BEGIN LISTED ENTRIES
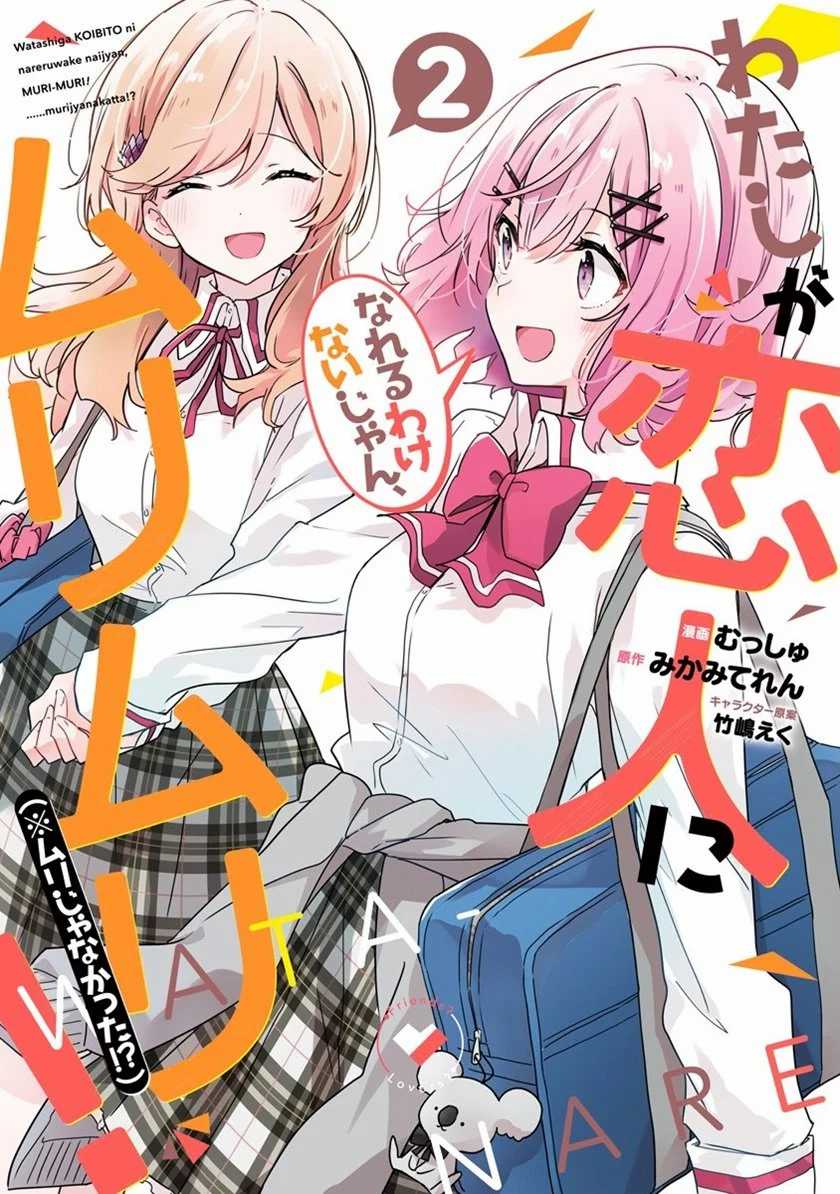 Watashi Ga Koibito Ni Nareru Wake Naijan, Muri Muri! (Muri Janakatta!?) Chapter 12 Bahasa Indonesia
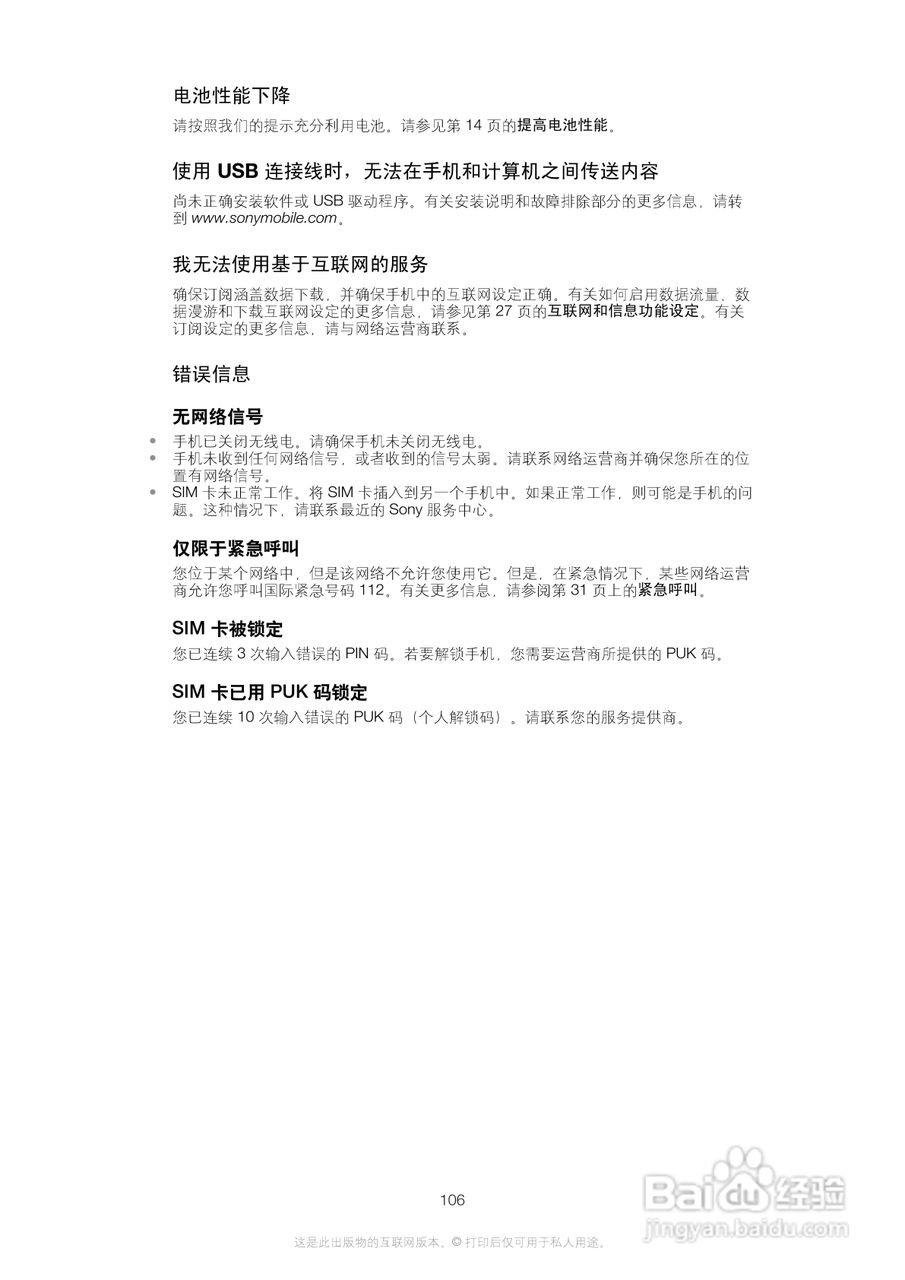 索尼(爱立信) Xperia MT27i手机说明书:[11]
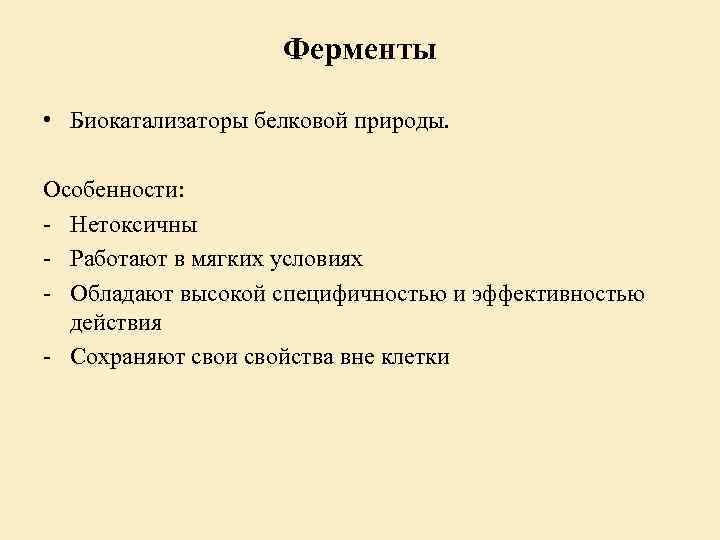 Ферменты • Биокатализаторы белковой природы. Особенности: - Нетоксичны - Работают в мягких условиях -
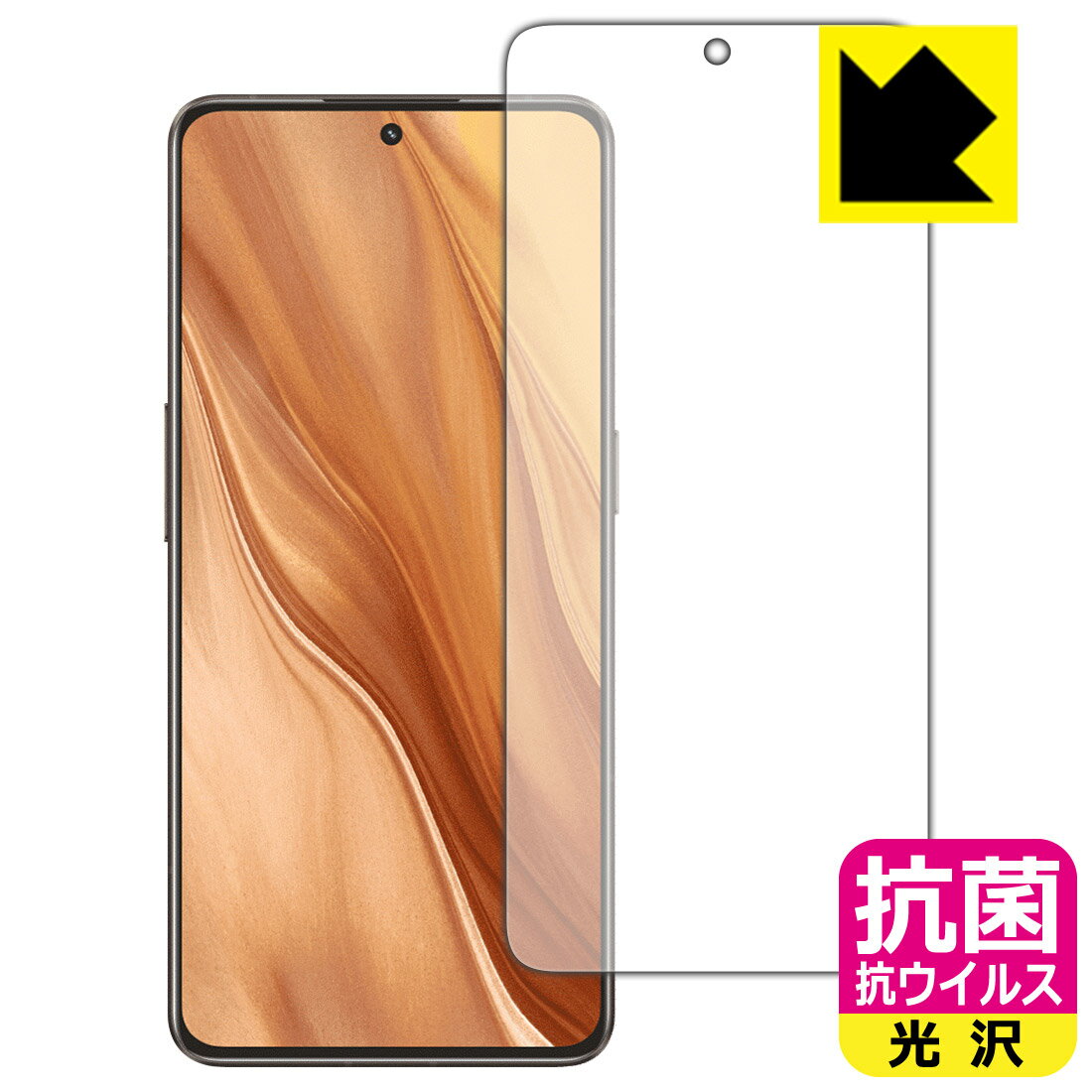 樂天商城 - 抗菌 抗ウイルス【 光沢 】保護フィルム realme GT2 Master Explorer Edition 【 指紋認証対応 】 日本製 自社製造直販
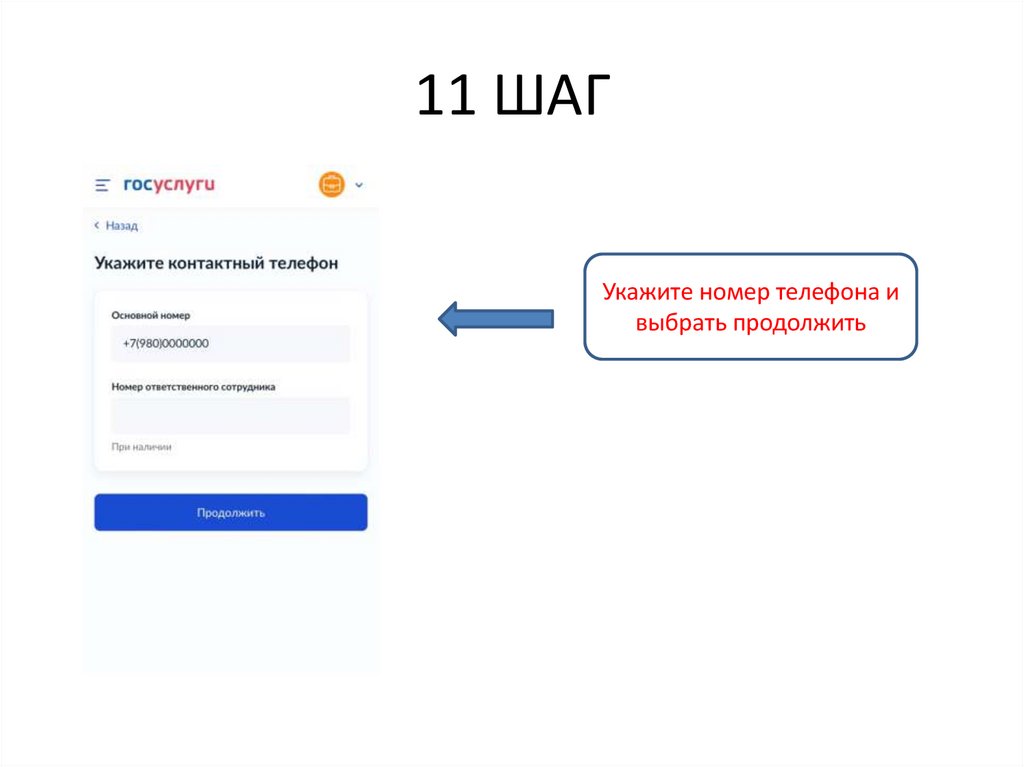 11 ШАГ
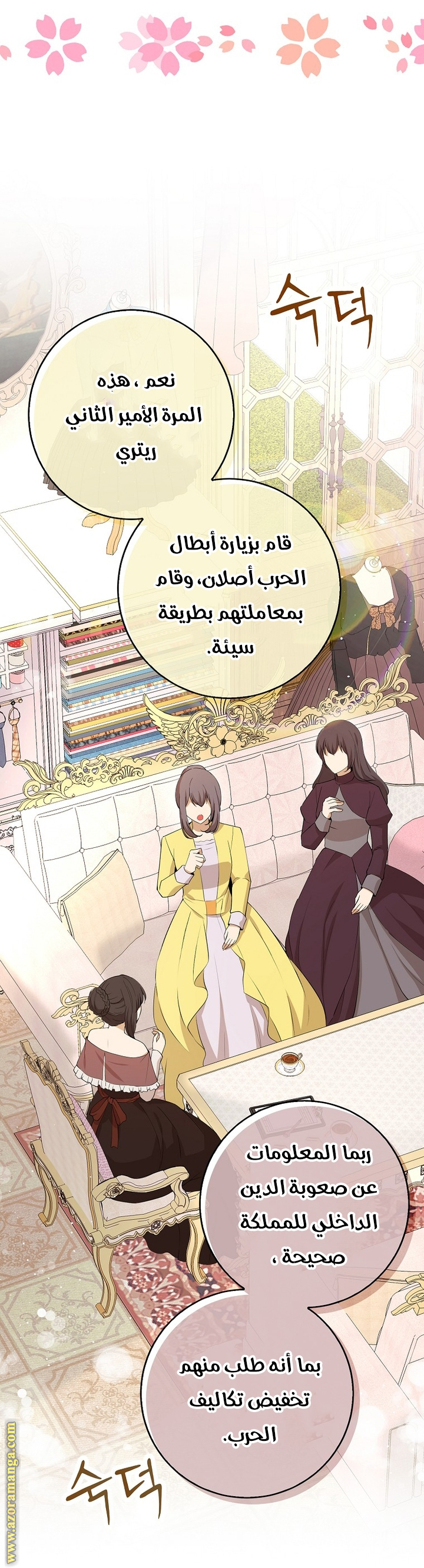 الصفحة 13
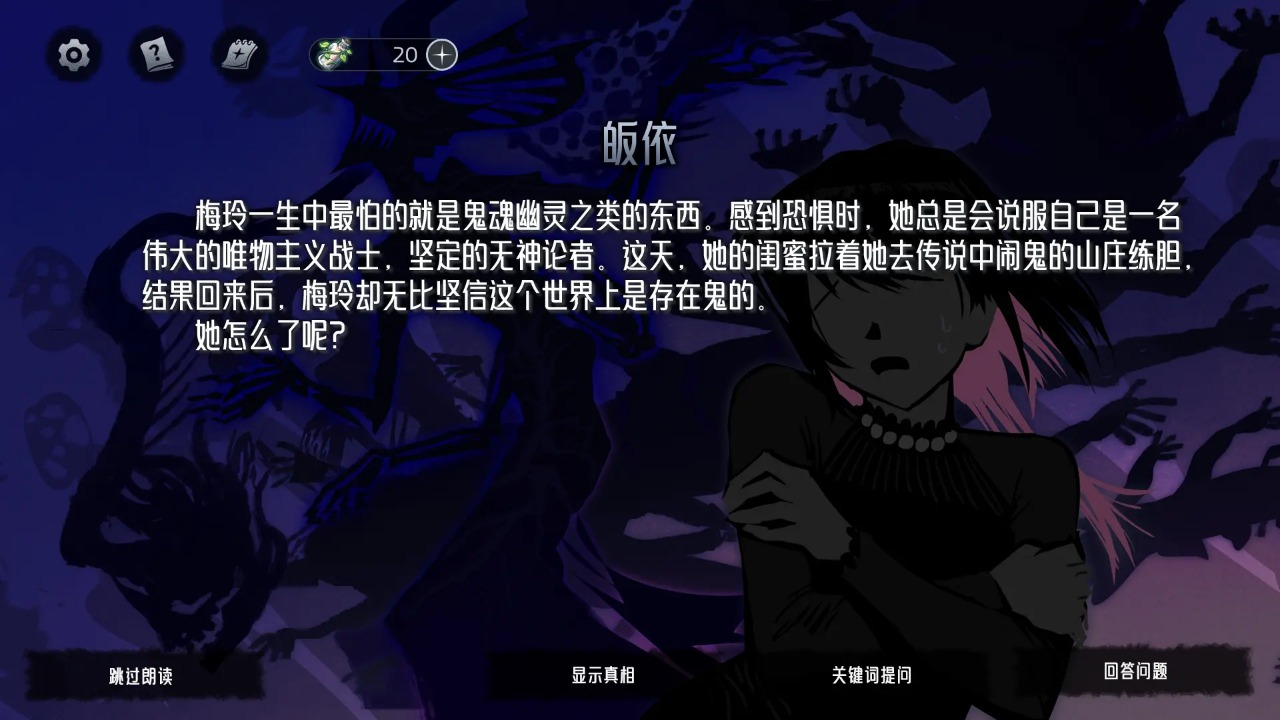 神明也没猜到结局0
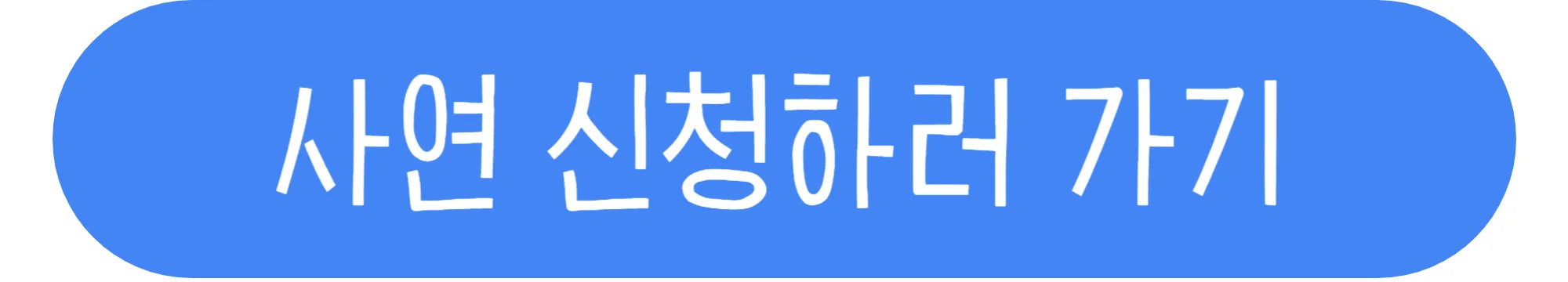 휴먼다큐-사노라면-사연-제보하기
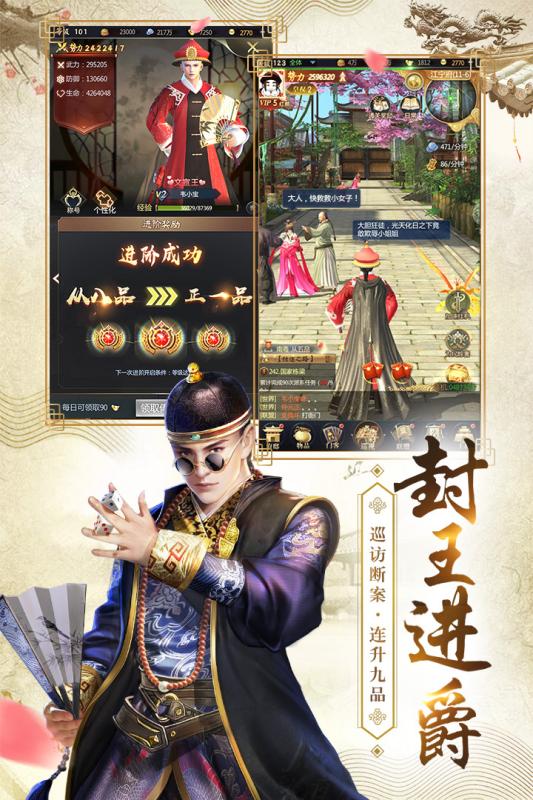 我的快意人生截图2
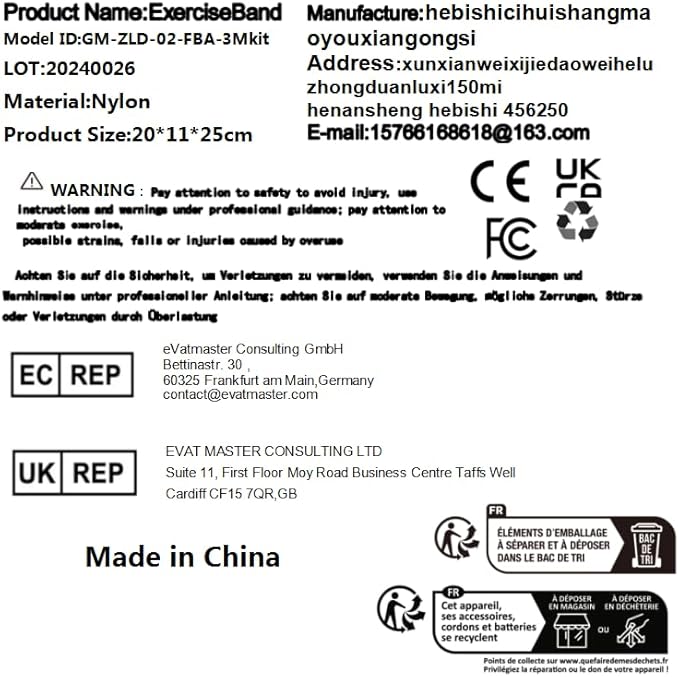YNXing Dynamic Resistance Trainer for Resistance Training to Improve Strength, Power, and Agility 5m/2m Elastic Cord Set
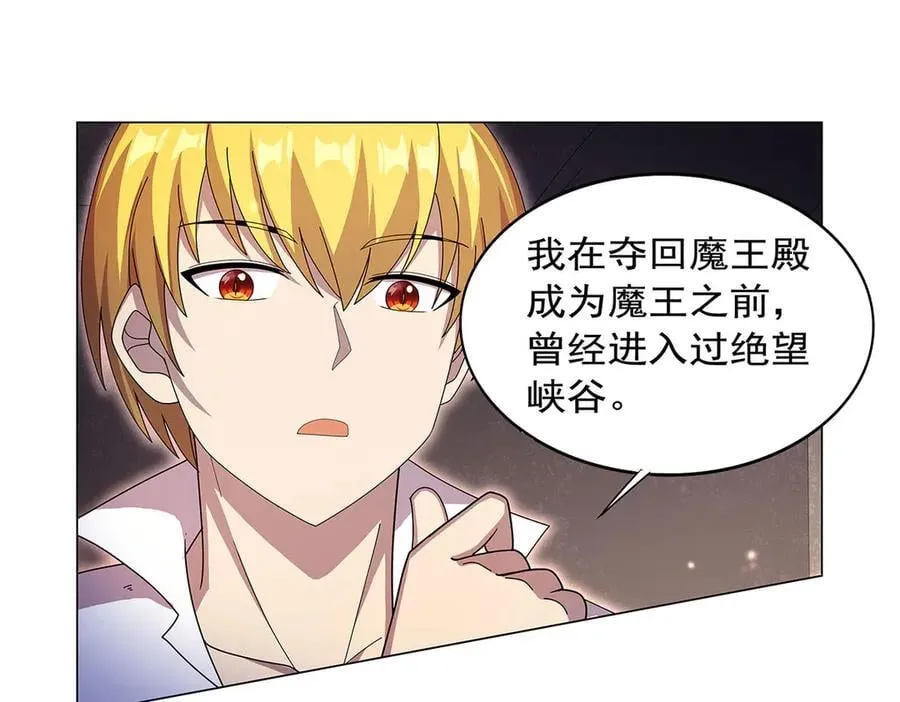 第431话 魔族先知 第124页
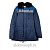 Куртка  утепленная БРИГАДА, размер 44-46, рост 170-176, цвет синий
END LISTED ENTRIES
The records above are to be duplicated exactly, pictures left out.

 Watashi Ga Koibito Ni Nareru Wake Naijan, Muri Muri! (Muri Janakatta!?) Chapter 12 Bahasa Indonesia
 索尼(爱立信) Xperia MT27i手机说明书:[11]
 Ферменты • Биокатализаторы белковой природы. Особенности: - Нетоксичны - Работают в мягких условиях -
 樂天商城 - 抗菌 抗ウイルス【 光沢 】保護フィルム realme GT2 Master Explorer Edition 【 指紋認証対応 】 日本製 自社製造直販
 11 ШАГ
 الصفحة 13
 神明也没猜到结局0
 휴먼다큐-사노라면-사연-제보하기
 我的快意人生截图2
YNXing Dynamic Resistance Trainer for Resistance Training to Improve Strength, Power, and Agility 5m/2m Elastic Cord Set
 第431话 魔族先知 第124页
 Куртка  утепленная БРИГАДА, размер 44-46, рост 170-176, цвет синий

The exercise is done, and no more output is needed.